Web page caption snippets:
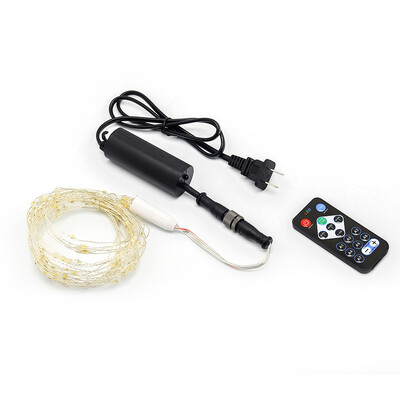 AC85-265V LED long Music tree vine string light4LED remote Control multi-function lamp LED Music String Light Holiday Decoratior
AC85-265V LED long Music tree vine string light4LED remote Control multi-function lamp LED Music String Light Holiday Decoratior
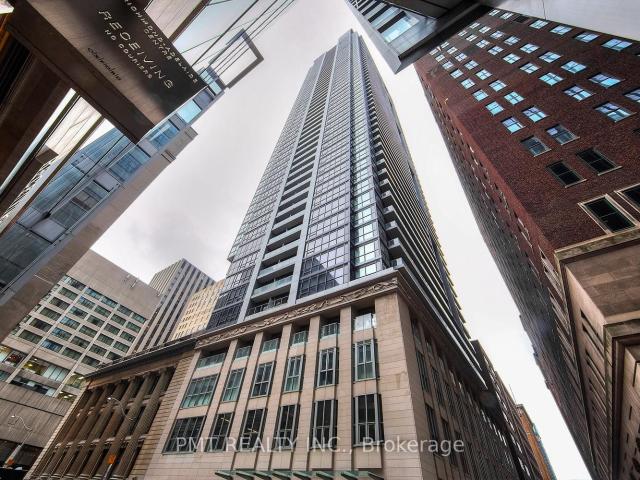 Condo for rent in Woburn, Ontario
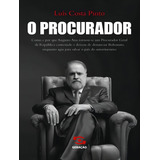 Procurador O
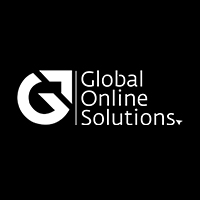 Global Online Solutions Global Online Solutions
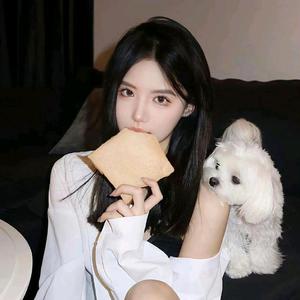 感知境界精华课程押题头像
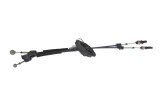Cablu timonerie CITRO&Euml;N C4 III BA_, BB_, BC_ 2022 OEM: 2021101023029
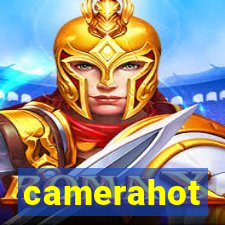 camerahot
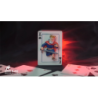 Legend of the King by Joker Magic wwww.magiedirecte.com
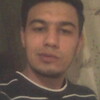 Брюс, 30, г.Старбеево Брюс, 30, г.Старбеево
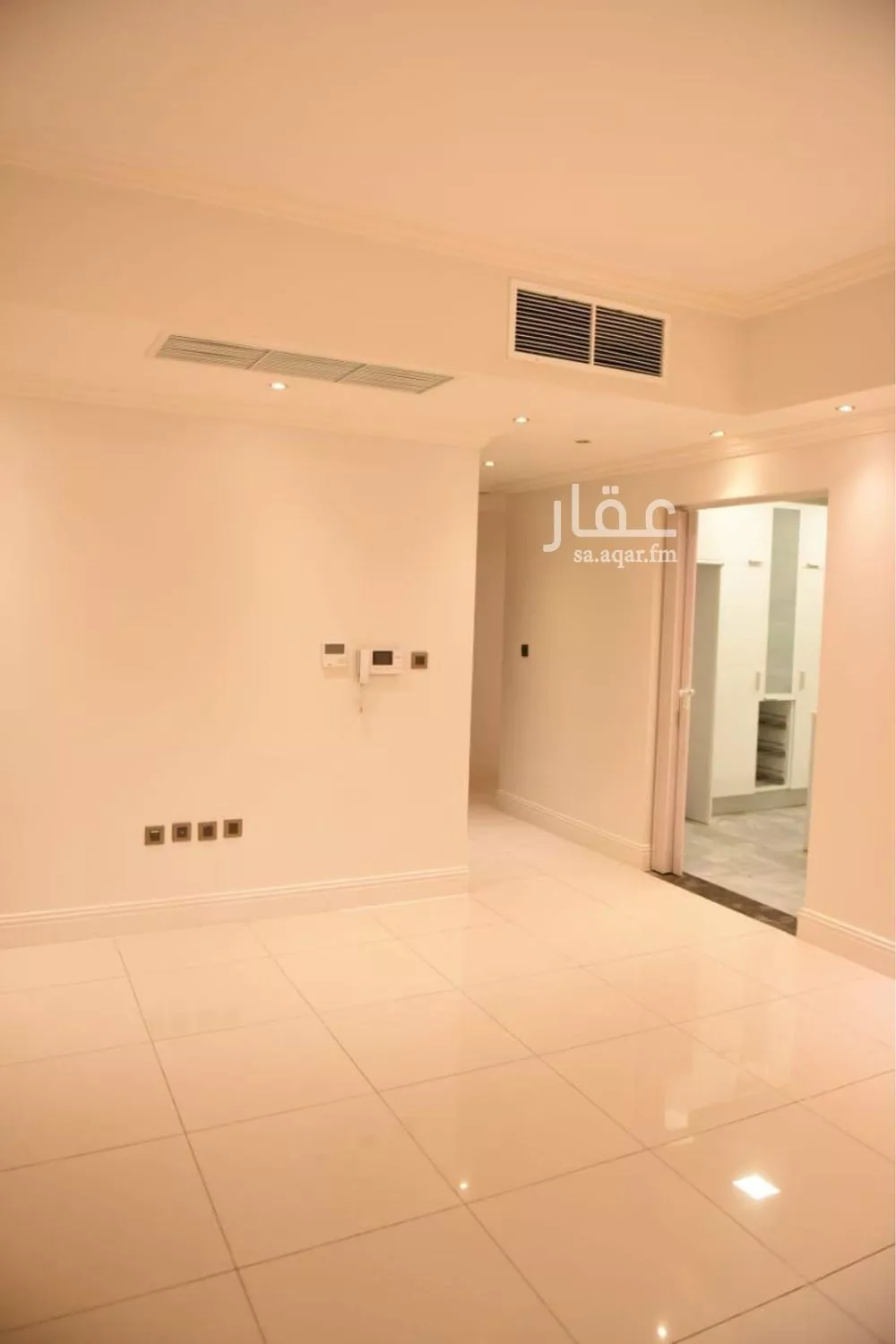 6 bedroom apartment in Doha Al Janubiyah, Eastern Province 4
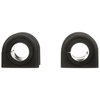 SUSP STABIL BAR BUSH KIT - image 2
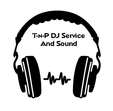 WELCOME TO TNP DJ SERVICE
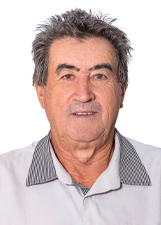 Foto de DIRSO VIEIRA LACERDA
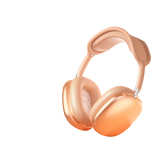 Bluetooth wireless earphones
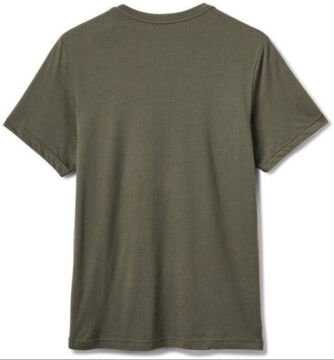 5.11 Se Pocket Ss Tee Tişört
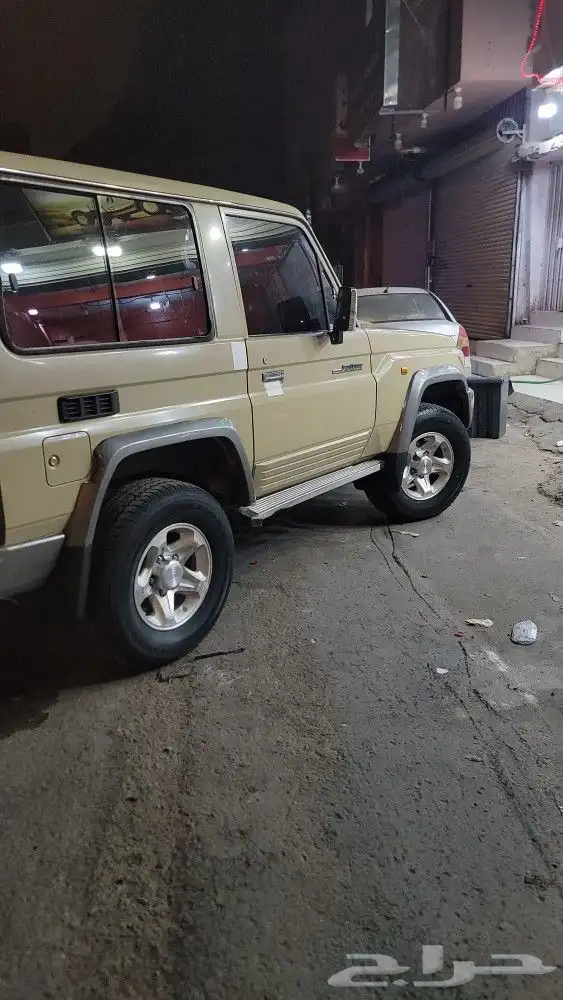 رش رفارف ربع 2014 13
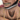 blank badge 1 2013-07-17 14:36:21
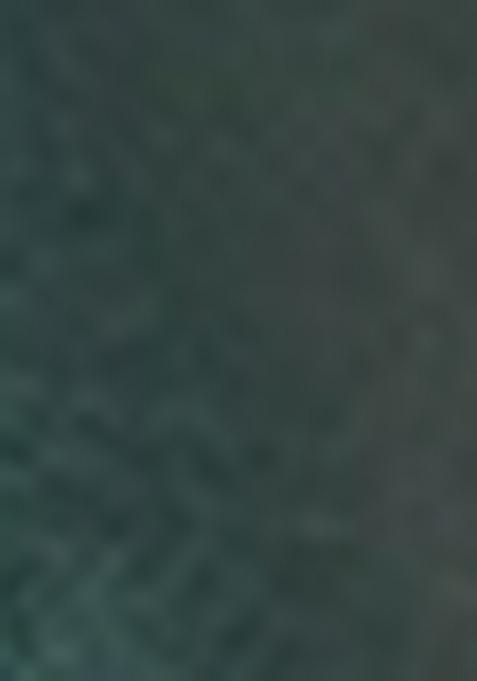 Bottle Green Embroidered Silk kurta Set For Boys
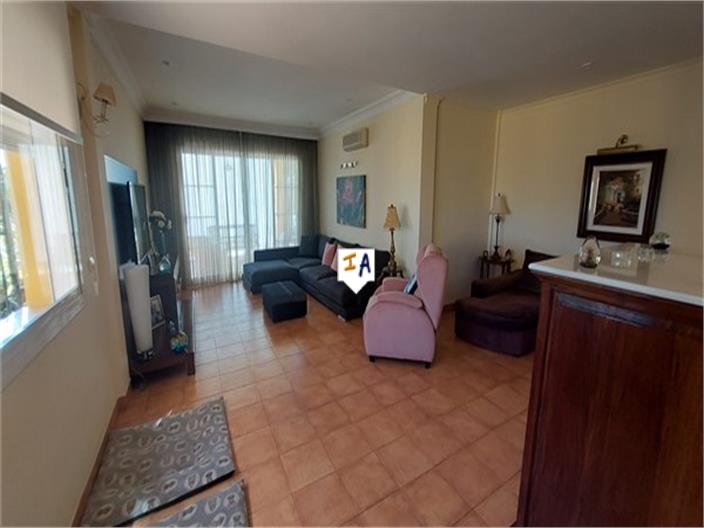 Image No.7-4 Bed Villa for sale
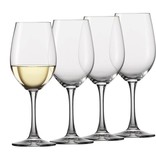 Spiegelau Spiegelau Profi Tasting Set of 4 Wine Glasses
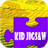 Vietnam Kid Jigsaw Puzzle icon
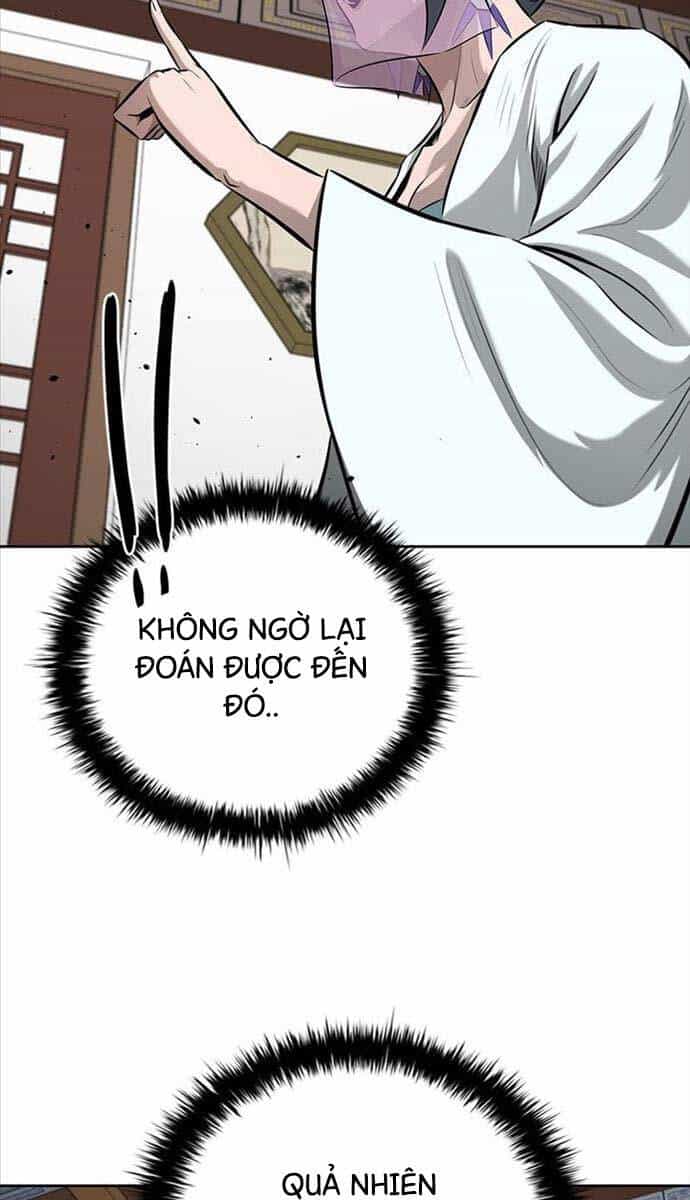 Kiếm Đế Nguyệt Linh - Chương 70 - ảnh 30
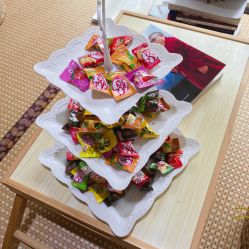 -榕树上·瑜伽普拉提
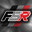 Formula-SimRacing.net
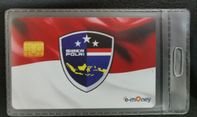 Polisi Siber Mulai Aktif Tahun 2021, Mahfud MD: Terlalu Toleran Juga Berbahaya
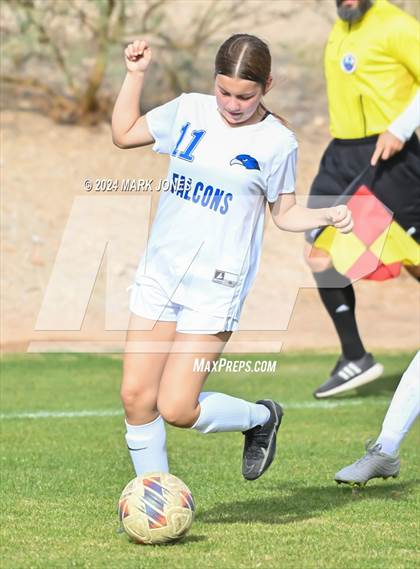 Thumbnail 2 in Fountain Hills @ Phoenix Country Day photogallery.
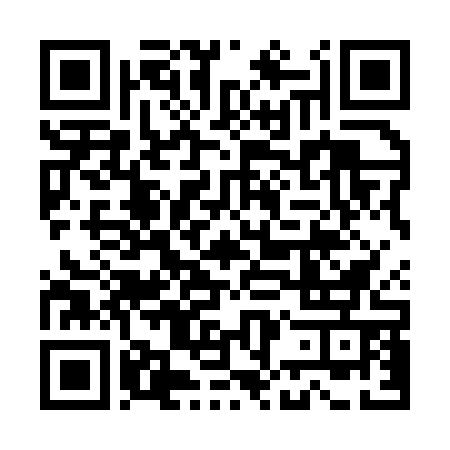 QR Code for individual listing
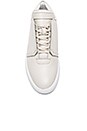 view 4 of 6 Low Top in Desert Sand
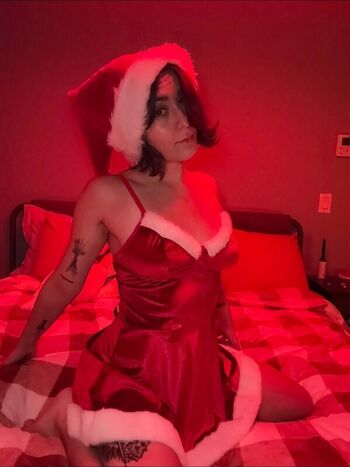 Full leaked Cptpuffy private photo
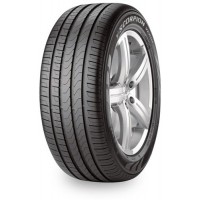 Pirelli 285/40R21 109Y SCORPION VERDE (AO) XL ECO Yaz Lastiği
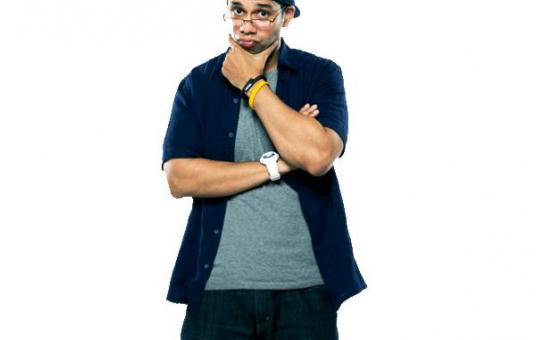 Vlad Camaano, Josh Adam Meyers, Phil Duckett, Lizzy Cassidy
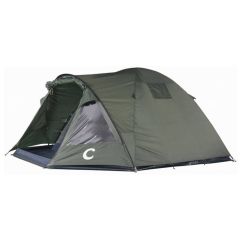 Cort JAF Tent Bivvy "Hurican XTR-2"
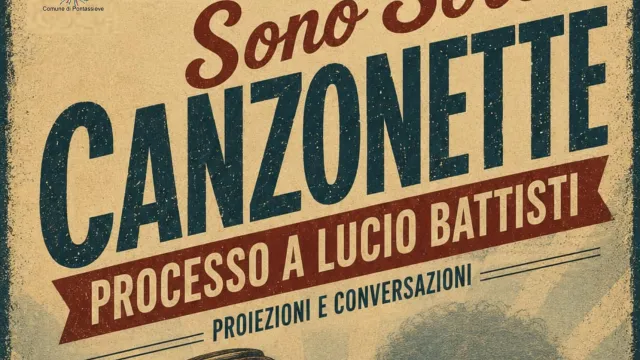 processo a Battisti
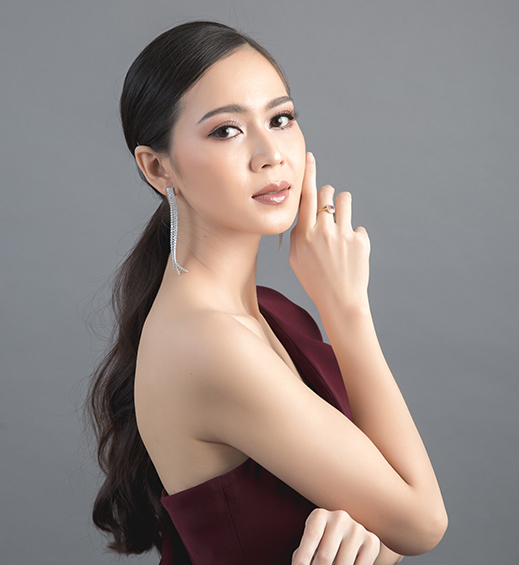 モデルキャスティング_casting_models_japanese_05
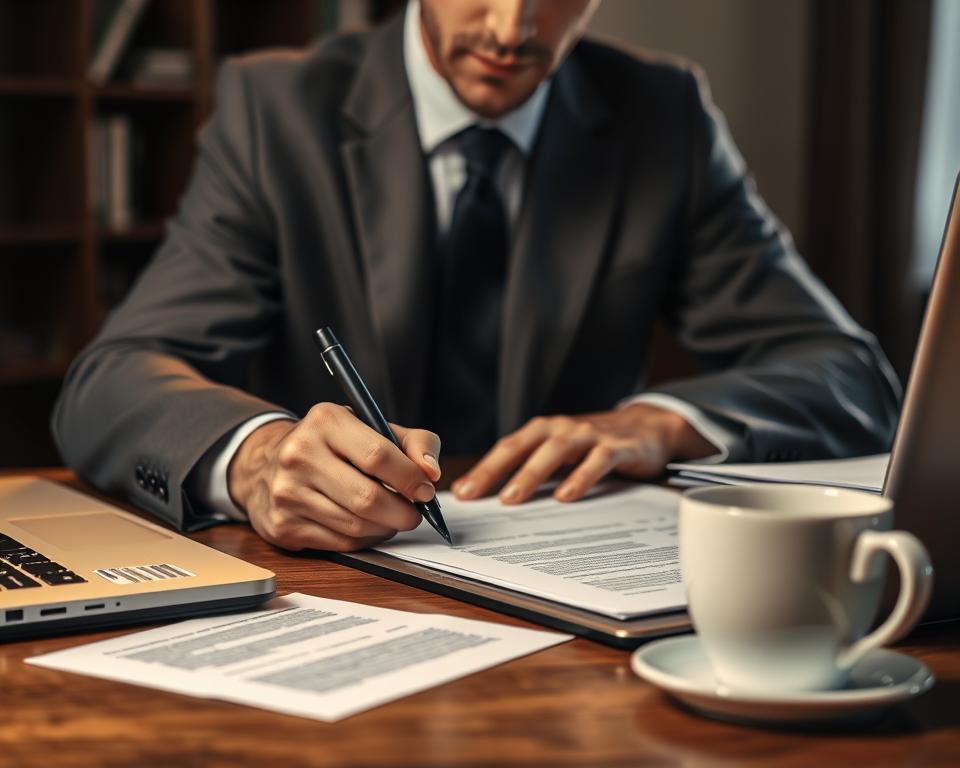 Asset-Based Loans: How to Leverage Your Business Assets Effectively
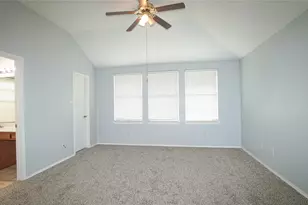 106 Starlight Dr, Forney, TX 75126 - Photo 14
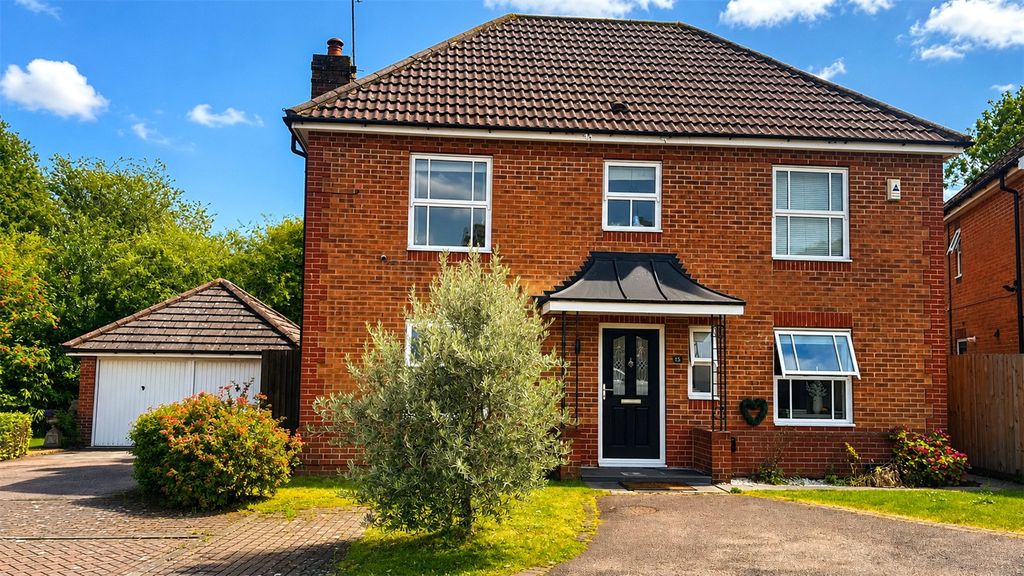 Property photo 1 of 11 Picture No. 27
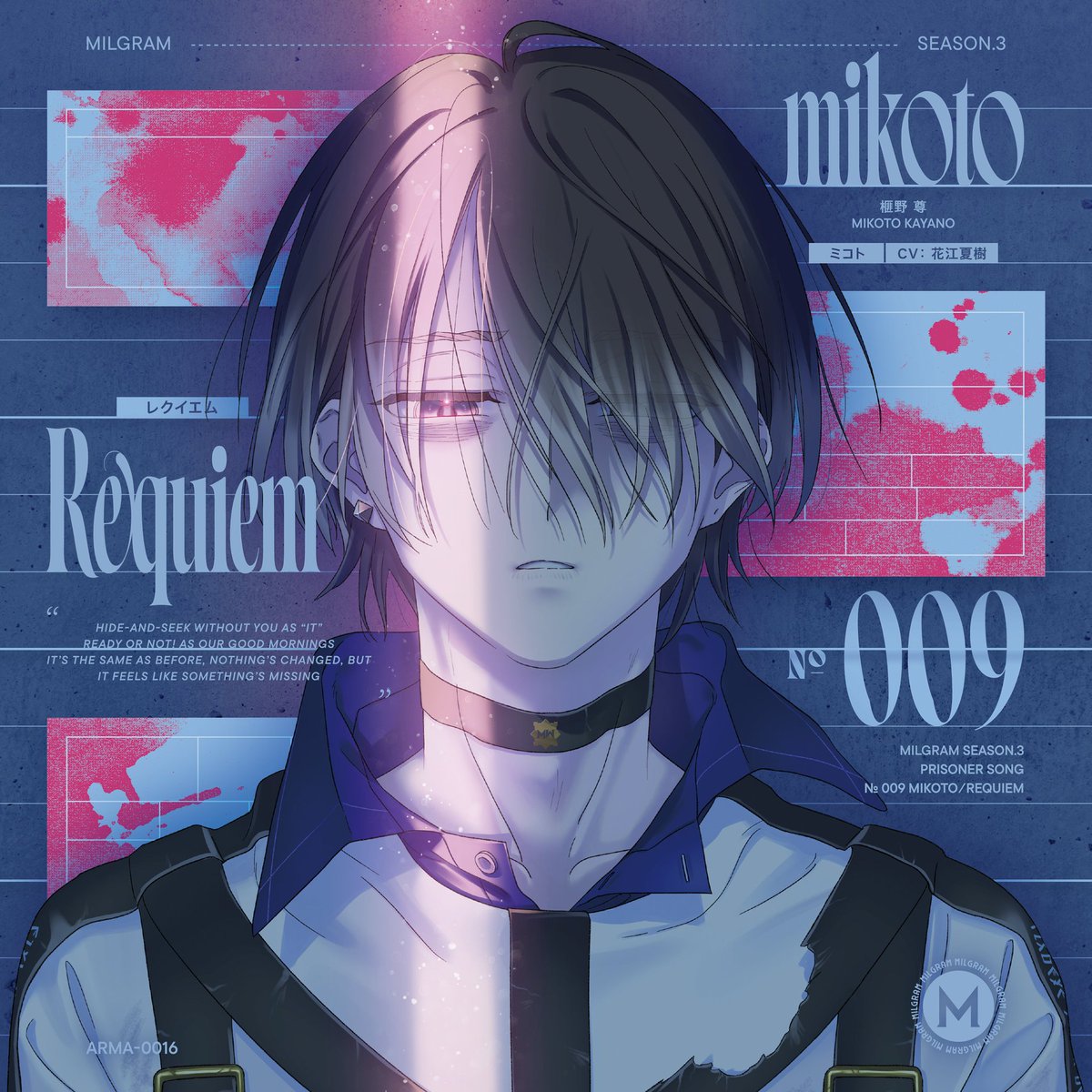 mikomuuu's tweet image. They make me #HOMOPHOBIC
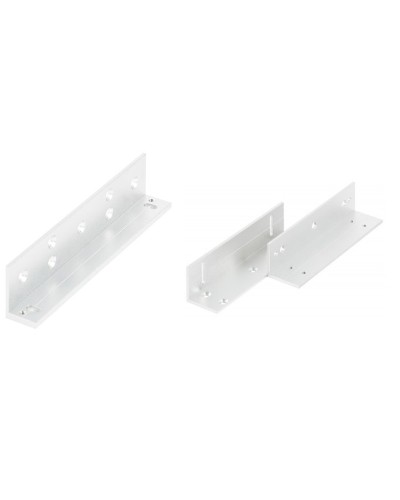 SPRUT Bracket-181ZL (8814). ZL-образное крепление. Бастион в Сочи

=== How to complete this task ===
The required result is the entries above, printed exactly from the first line through the line with "view 4 of 6 Low Top in Desert Sand", pictures excluded.

=== Solution to this task ===
 AC85-265V LED long Music tree vine string light4LED remote Control multi-function lamp LED Music String Light Holiday Decoratior
AC85-265V LED long Music tree vine string light4LED remote Control multi-function lamp LED Music String Light Holiday Decoratior
 Condo for rent in Woburn, Ontario
 Procurador O
 Global Online Solutions Global Online Solutions
 感知境界精华课程押题头像
Cablu timonerie CITRO&Euml;N C4 III BA_, BB_, BC_ 2022 OEM: 2021101023029
 camerahot
 Legend of the King by Joker Magic wwww.magiedirecte.com
 Брюс, 30, г.Старбеево Брюс, 30, г.Старбеево
 6 bedroom apartment in Doha Al Janubiyah, Eastern Province 4
 SUSP STABIL BAR BUSH KIT - image 2
 WELCOME TO TNP DJ SERVICE
 Foto de DIRSO VIEIRA LACERDA
 Bluetooth wireless earphones
 5.11 Se Pocket Ss Tee Tişört
 رش رفارف ربع 2014 13
 blank badge 1 2013-07-17 14:36:21
 Bottle Green Embroidered Silk kurta Set For Boys
 Image No.7-4 Bed Villa for sale
 Spiegelau Spiegelau Profi Tasting Set of 4 Wine Glasses
 Vietnam Kid Jigsaw Puzzle icon
 Kiếm Đế Nguyệt Linh - Chương 70 - ảnh 30
 -榕树上·瑜伽普拉提
 Formula-SimRacing.net
 Polisi Siber Mulai Aktif Tahun 2021, Mahfud MD: Terlalu Toleran Juga Berbahaya
 Thumbnail 2 in Fountain Hills @ Phoenix Country Day photogallery.
 QR Code for individual listing
 view 4 of 6 Low Top in Desert Sand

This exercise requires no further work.